One of our project cars, a blue 2000 Audi A6 4.2 V8, has been driving in this mode for more than two years. Ii shows no signs of impending doom, so it’s certainly not a short-lived mode though it is of course better to get the issue resolved, time and money permitting.

* * *

Here’s an explanation of the problem at the technical level: the automatic transmission uses six internal clutches, the most-forward one being named “A,” the next one being named “B” and so on, with “F” being at the rear.

An oil pump makes automatic transmission fluid flow through the transmission. The fluid begins in the oil pan at the bottom of the transmission, then gets sucked up through the filter, and is then routed to various places, including the radiator, the torque converter and the clutches.

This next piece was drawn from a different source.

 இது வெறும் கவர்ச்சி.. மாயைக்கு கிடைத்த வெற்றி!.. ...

Normally, the higher the engine speed, the higher the transmission fluid pressure, As I understand things, the oil pump has a high-pressure cut-off so as to discard surplus pressure. Even so, pressure generated by the oil pump is high enough to damage the “A” clutch, and so the transmission also has a protective hydraulic pressure regulator built-in.

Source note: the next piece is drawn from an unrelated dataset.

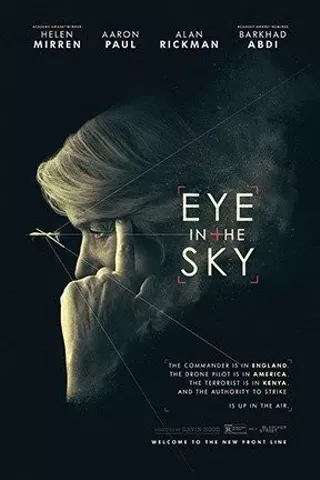 Image: Eye in the Sky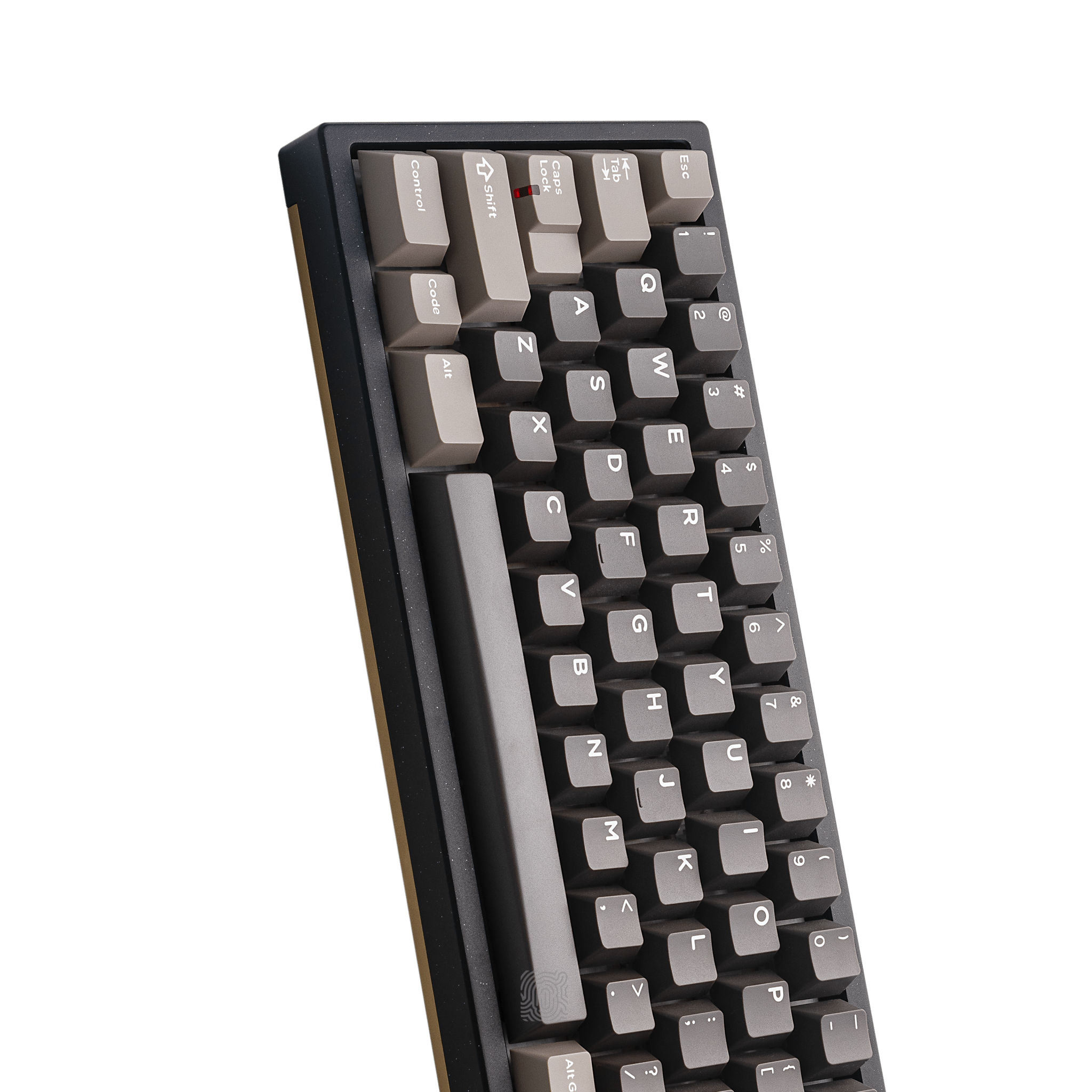 DMK HX-20 KEYCAPS – ELOQUENT CLICKS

Typically, after many years, that regulator eventually fails, due to wear and tear, and it then allows a pressure spike through to the “A” clutch, and thus damages it. After this happens, it’s crucial that any repair work should fix not just the “A” clutch but also the root cause: the worn hydraulic pressure regulator. With these concerns addressed, those components of the transmission tend to be reliable and strong for many more years. The other internal transmission components tend to be longer-lived yet, for the most part, though there are a few minor items that we find it prudent to replace if we have the transmission apart anyway.

The “A” clutch is needed for 1st, 2nd and 3rd gear, which is why the transmission goes into 4th gear when the “A” clutch fails. In 4th gear, the entire internal rotating assembly of clutches is locked together to create a 1:1 ratio of input shaft speed vs. output shaft speed. In a healthy transmission, both the “A” and “B” clutches assist with locking this assembly together; when the “A” clutch fails, then the entire responsibility falls on the “B” clutch. When the car is gently driven, the “B” clutch can handle the strain for a long period of time – as one of our project cars has proved. When the car is not gently driven, the “B” clutch will eventually fail too, and then the car doesn’t move forward any more.– as a different one of our project cars has proved.